Un segnale positivo arriva dal fronte degli investimenti. Nel quinquennio analizzato, le aziende editoriali hanno investito circa 800 milioni di euro. È significativo notare come la quota di ricavi destinata agli investimenti sia in crescita, passando dal 3,5% del 2019 al 4,6% del 2023. Questo dato suggerisce uno sforzo del settore per innovare e adattarsi alle nuove sfide del mercato digitale.

L’impatto sull’occupazione: una sfida sociale

La trasformazione del settore editoriale ha avuto un impatto diretto e pesante sui livelli occupazionali. Tra il 2019 e il 2023, le principali imprese del comparto hanno visto una riduzione di oltre 1.500 posti di lavoro, pari a un calo dell’11,0%. Il numero totale di addetti è sceso da quasi 14.000 a poco più di 12.400, con una perdita di circa 500 unità solo nell’ultimo anno. Questa contrazione riflette le difficoltà economiche e la necessità di riorganizzare i processi produttivi in un contesto di profondo cambiamento.

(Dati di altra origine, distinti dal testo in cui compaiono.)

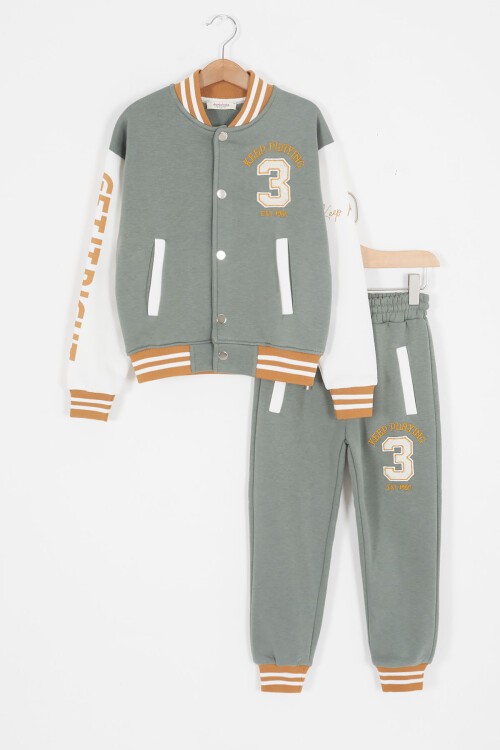 Haki Champions Yazılı Kolej Ceketli Erkek Çocuk Takım 16727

Cosa significa per i lettori e i consumatori

La crisi dell’editoria tradizionale non è solo una questione economica, ma ha implicazioni dirette per i cittadini. La salute del settore è strettamente legata alla qualità e al pluralismo dell’informazione, un pilastro fondamentale per una società democratica. Le principali conseguenze per i consumatori includono:

  • Rischio di un’informazione meno diversificata: la chiusura di testate o la riduzione delle redazioni può portare a una minore pluralità di voci e a una concentrazione del mercato informativo.
  • Cambiamento dei contenuti: la crescente dipendenza dalla pubblicità e dai modelli di business digitali può influenzare le scelte editoriali, privilegiando contenuti capaci di generare più traffico online.
  • Qualità del giornalismo: la pressione economica e la riduzione del personale possono mettere a rischio il giornalismo d’inchiesta e di approfondimento, che richiede tempo e risorse significative.
  • Accessibilità delle notizie: la transizione al digitale e l’adozione di paywall possono creare nuove barriere di accesso all’informazione di qualità per una parte della popolazione.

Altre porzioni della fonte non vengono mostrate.